**What you are asked to do:**
Could you copy exactly the lines below, beginning at the line with "Отключить блокировку файлов windows 10" and stopping after the line with "ALPHA-PVP Армянск", with no pictures?

**Study material:**
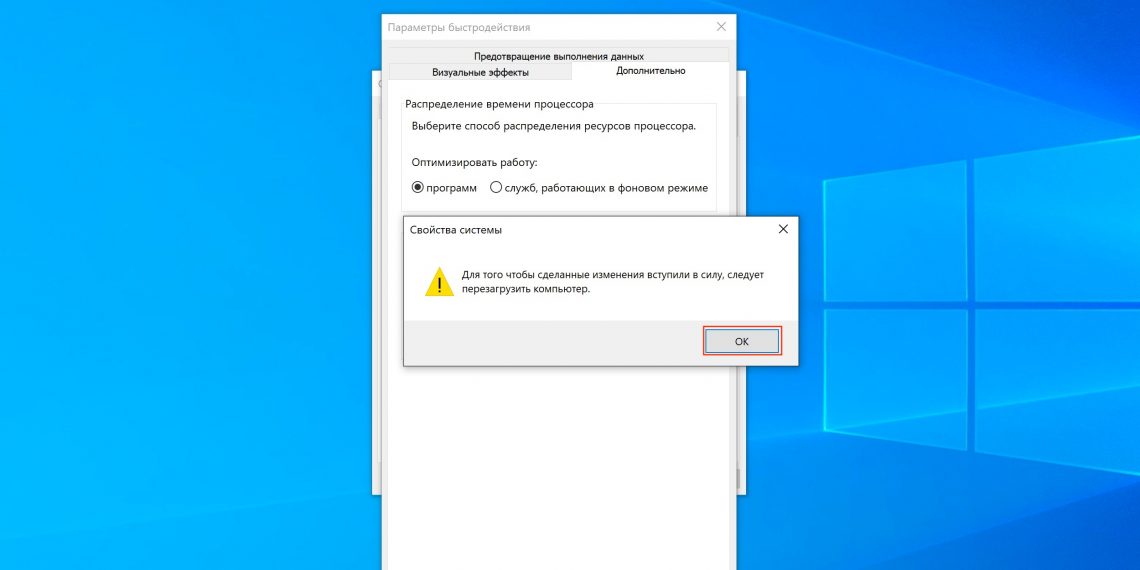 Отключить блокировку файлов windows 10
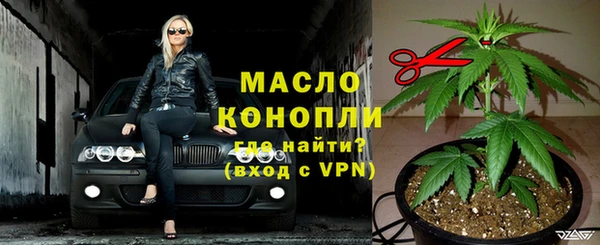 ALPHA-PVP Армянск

...

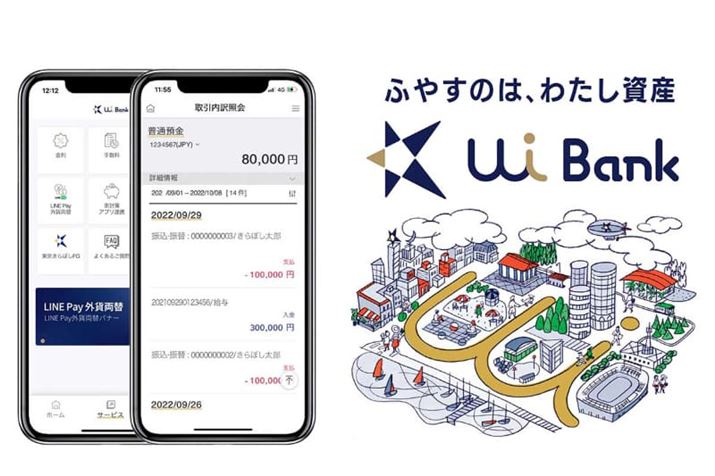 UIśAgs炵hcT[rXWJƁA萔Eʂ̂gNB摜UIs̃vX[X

--

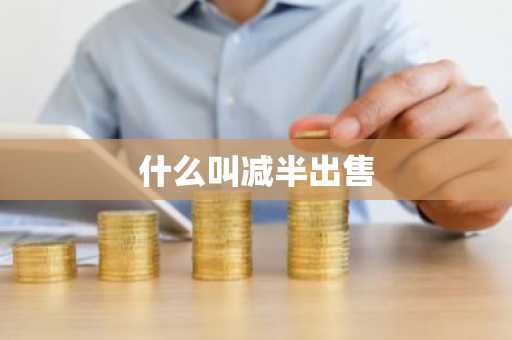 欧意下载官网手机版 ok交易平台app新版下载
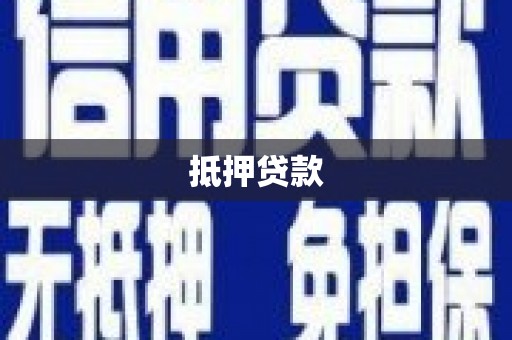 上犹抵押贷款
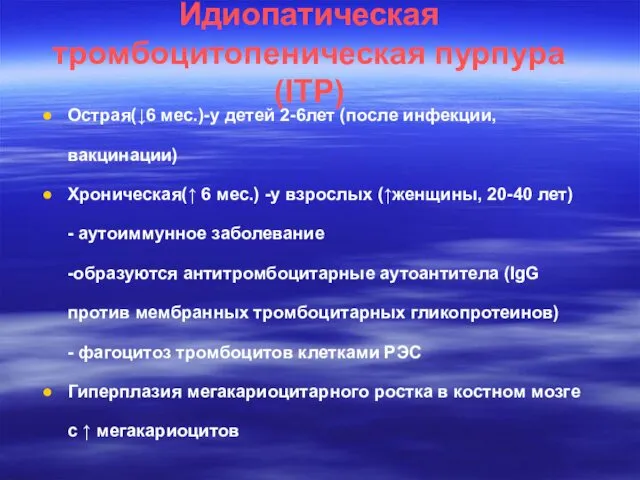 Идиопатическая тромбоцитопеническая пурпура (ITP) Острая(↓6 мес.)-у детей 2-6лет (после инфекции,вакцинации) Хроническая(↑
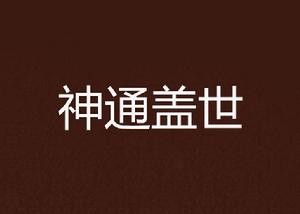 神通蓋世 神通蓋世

**Reply:**
 Отключить блокировку файлов windows 10
 ALPHA-PVP Армянск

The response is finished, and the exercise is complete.